If there's anything good or entertaining about old media's rediscovery of the Monica Lewinsky story, it's just that—old media in a throwback moment. We're journeying back to a pre-538, pre-Wonkblog, pre-Voxplainer era where people could baselessly speculate about how something might play without any focus on data. To wit, here's Republican strategist Keith Appell talking to McKay Coppins.
“This will always be a black mark on the Clinton presidency, which, from the beginning, was always both of them,” Appell said. “That was made clear from day one. So, Hillary’s appearance on the Today show, when she conjured up a vast right-wing conspiracy out to get the two of them, is a big part of this. Either she was delusional, or she was cynically trying to deflect and attack based on years of enabling him.”
The "vast right-wing conspiracy" interview happened on Jan. 27, 1998. Most reporting on the scandal suggests that Hillary was in the dark—perhaps willfully—about what her husband had actually done. It wasn't until Aug. 14, 1998, that Clinton admitted the Lewinsky affair to his wife. ("I was trying to protect you and Chelsea," he said, explaining his lies.) So this might not be the most opportune diversion for the GOP.

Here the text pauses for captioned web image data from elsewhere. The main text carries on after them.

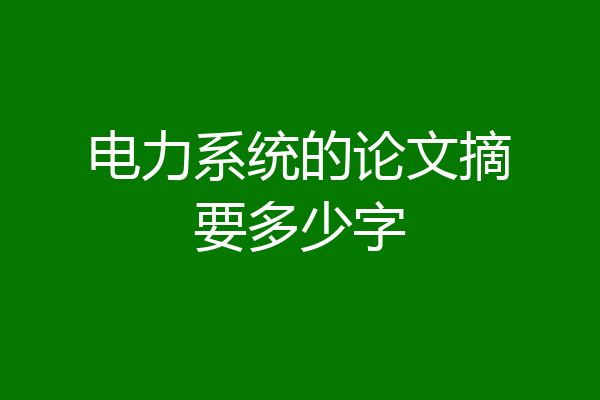 电力系统的论文摘要多少字
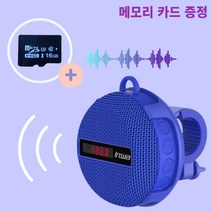 미션 M-CUBE+SE 액티브서브우퍼 8인치 고출력서브우퍼, 블랙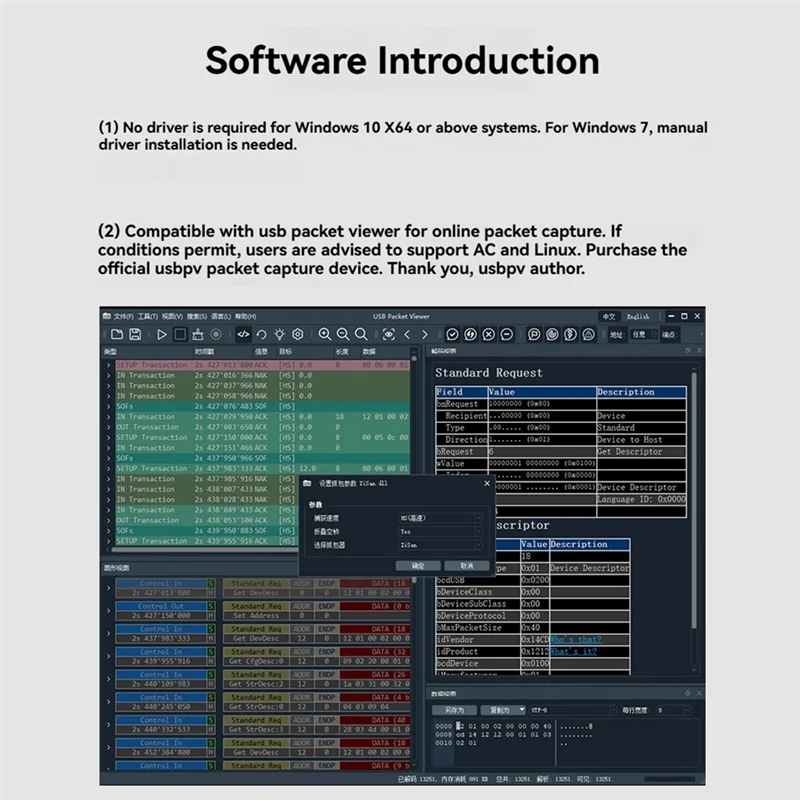Analizator protokołów magistrali USB 2.0 o wysokiej prędkości, otwarty kod źródłowy, przenośne narzędzie do przechwytywania i analizowania pakietów.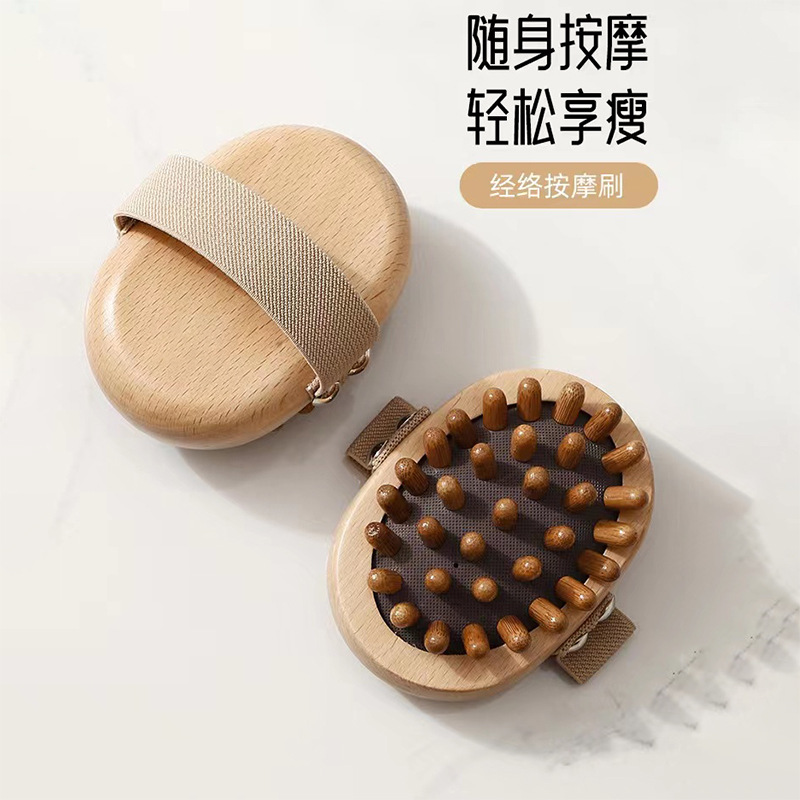 按摩梳头部经络气垫梳子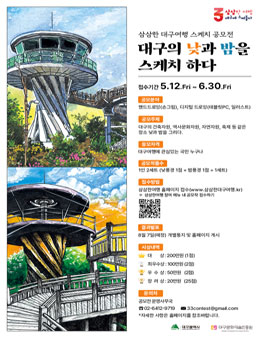 삼삼한 대구여행 스케치 공모전 (대구의 낮과 밤을 스케치하다).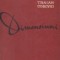 Dimensiuni - Peisaj sovietic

More to the point, the Lewinsky scandal was fantastic for Clinton. You can see in the Gallup poll's comprehensive chart that opinions of the first lady surged through 1998 and peaked after Bill Clinton was impeached.

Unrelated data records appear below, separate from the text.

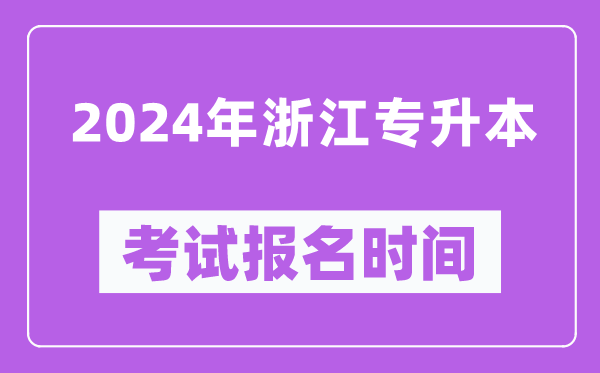 2024年浙江專升本考試報(bào)名時(shí)間（附專升本報(bào)名入口）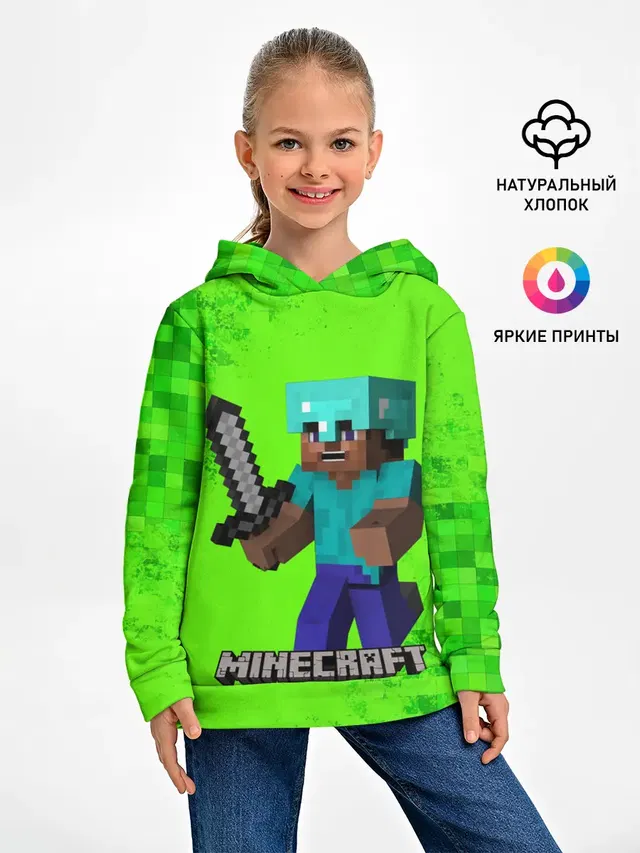 MINECRAFT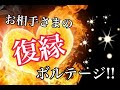 【👩‍❤️‍👨お相手さまの復縁ボルテージ🔥💕】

A voter born after, say, 1995 might not even remember the scandal happening. The voters who do remember, generally, sided with Hillary Clinton, turned against Bill (personally—his approval ratings stayed high, thanks to the bubble economy and the GOP's overrreach), and rejected impeachment. Ironically, Hillary Clinton has rarely recovered the high favorables of the Lewinsky period, but Bill's recovered completely. That's only natural, as people always look more kindly on their presidents in retrospect. Heck, George W. Bush basically created a Shi'ite dictatorship in Iraq via deficit spending and a drawn-out war, and we just spent a few days admiring his goofy paintings.